A while she stood
Transform'd by grief to marble, and appear'd
Her own pale monument; but when she breath'd
The secret anguish of her wounded soul;
So moving were the plaints! they wou'd have sooth'd
The stooping falcon to suspend his flight,
And spare his morning prey.
Beware of flatt'ry! 'tis a flow'ry weed,
Which oft offends the very idol-vice,
Whose shrine it would perfume.
Act IV, Scene V, p. 46
O blissful poverty!
Nature, too partial! to thy lot assigns
Health, freedom, innocence, and dow[n]y peace,
Her real goods: and only mocks the great
With empty pageantries!
Act V, Scene I, p. 56
Fear, guilt, despair, and moon-struck phrensy rush
On voluntary death: the wise and brave,
When the fierce storms of fortune round 'em roar,
Combat the billows with redoubled force:
Then, if they perish ere the port is gain'd,
They sink with decent pride; and from the deep
Honour retrieves them, bright as rising stars.

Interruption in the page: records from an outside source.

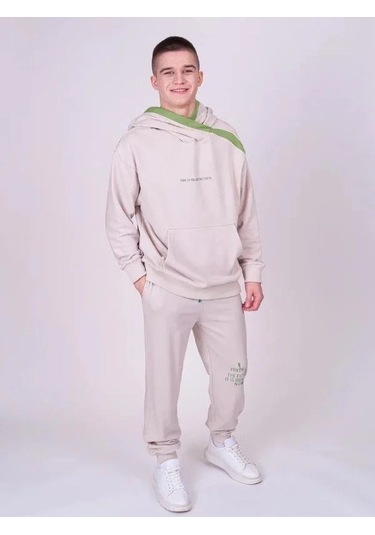 Çocuk 2 İplik Kumaş Pamuklu Sırtı Yazı Detaylı Kapüşonlu Tasarım Sweatshirt-13541 Bej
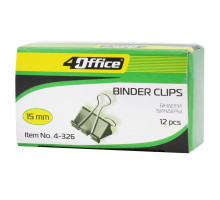 Зажимы металлические 15 mm, 12шт. 4-326. 4OFFICE (12)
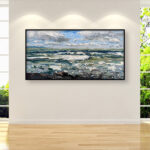 Ocean painting, original oil painting on canvas hanging on a modern wall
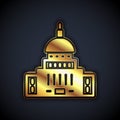 Gold White House icon isolated on black background. Washington DC. Vector Royalty Free Stock Photo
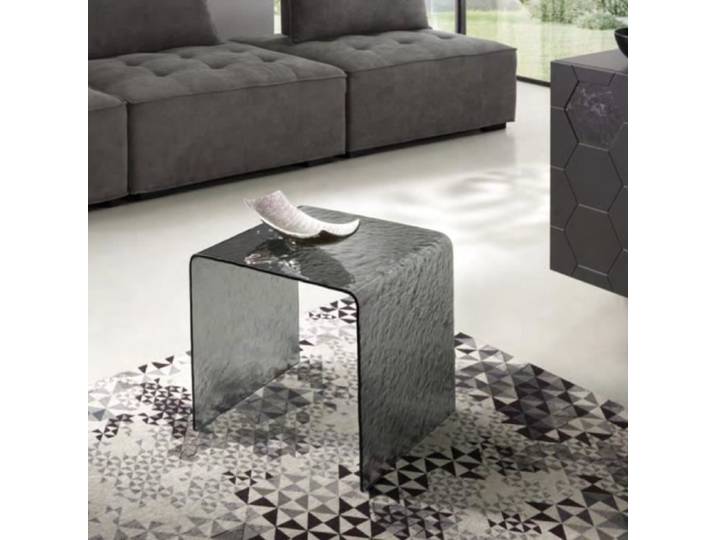 Table basse en verre trempé effet martelé fumé - PLINIO - Gris - Pour enfant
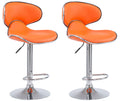 2-delige Set Barkrukken - Hoge Krukken - Comfortabele Zithouding, Kunstleer Kleur oranje Onderstel Kleur chroom
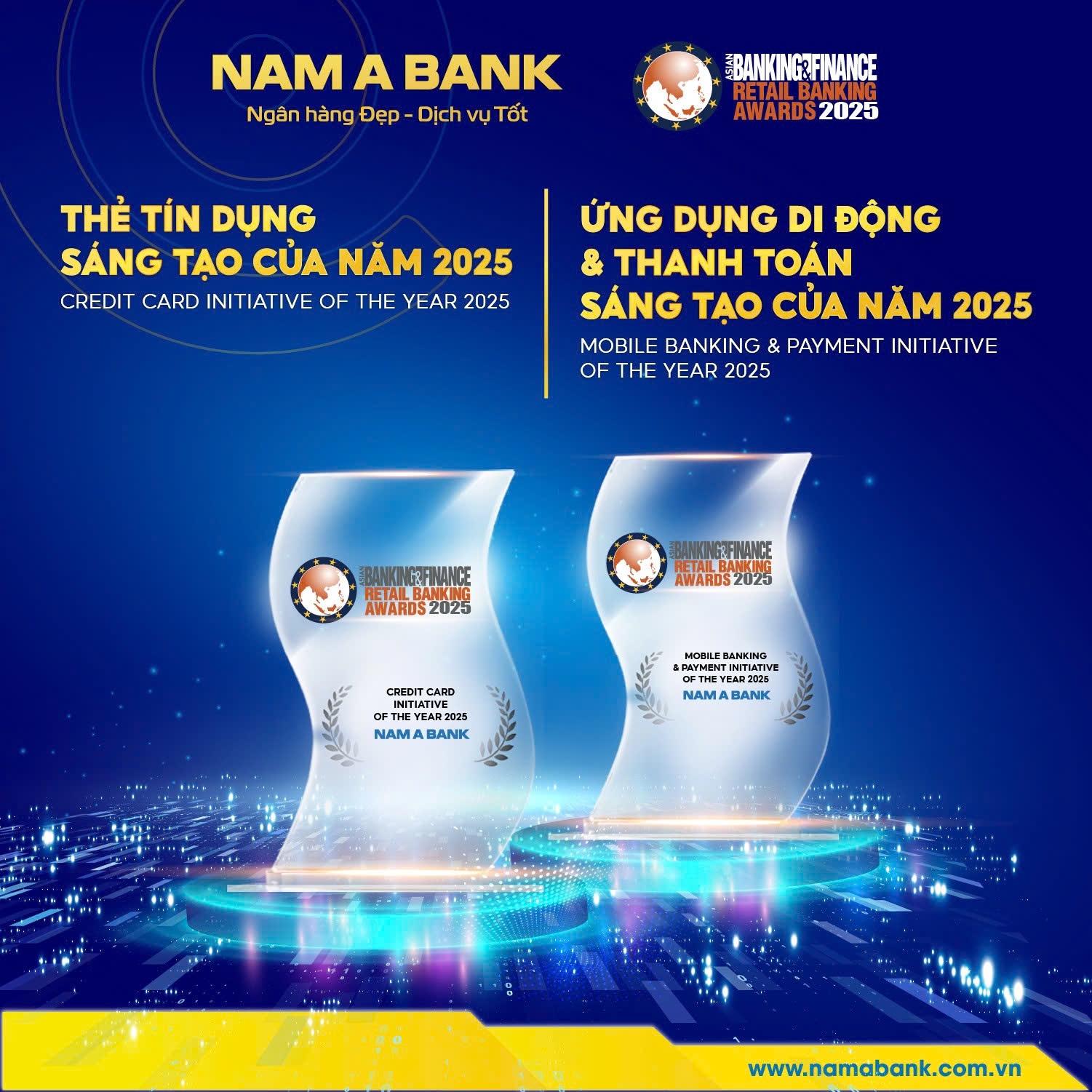 Nam A Bank nhận cú đúp giải thưởng quốc tế Nam A Bank nhận cú đúp giải thưởng quốc tế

A poet, blest beyond the poet's fate,
Whom Heaven kept sacred from the Proud and Great:
Foe to loud praise, and friend to learned ease,
Content with science in the vale of peace.
Calmly he looked on either life, and here
Saw nothing to regret, or there to fear;
From Nature's temperate feast rose satisfied,
Thanked Heaven that he lived, and that he died.
Alexander Pope, Epitaph to Elijah Fenton: "On Mr. Elijah Fenton", at Easthamstead in Berkshire, 1730.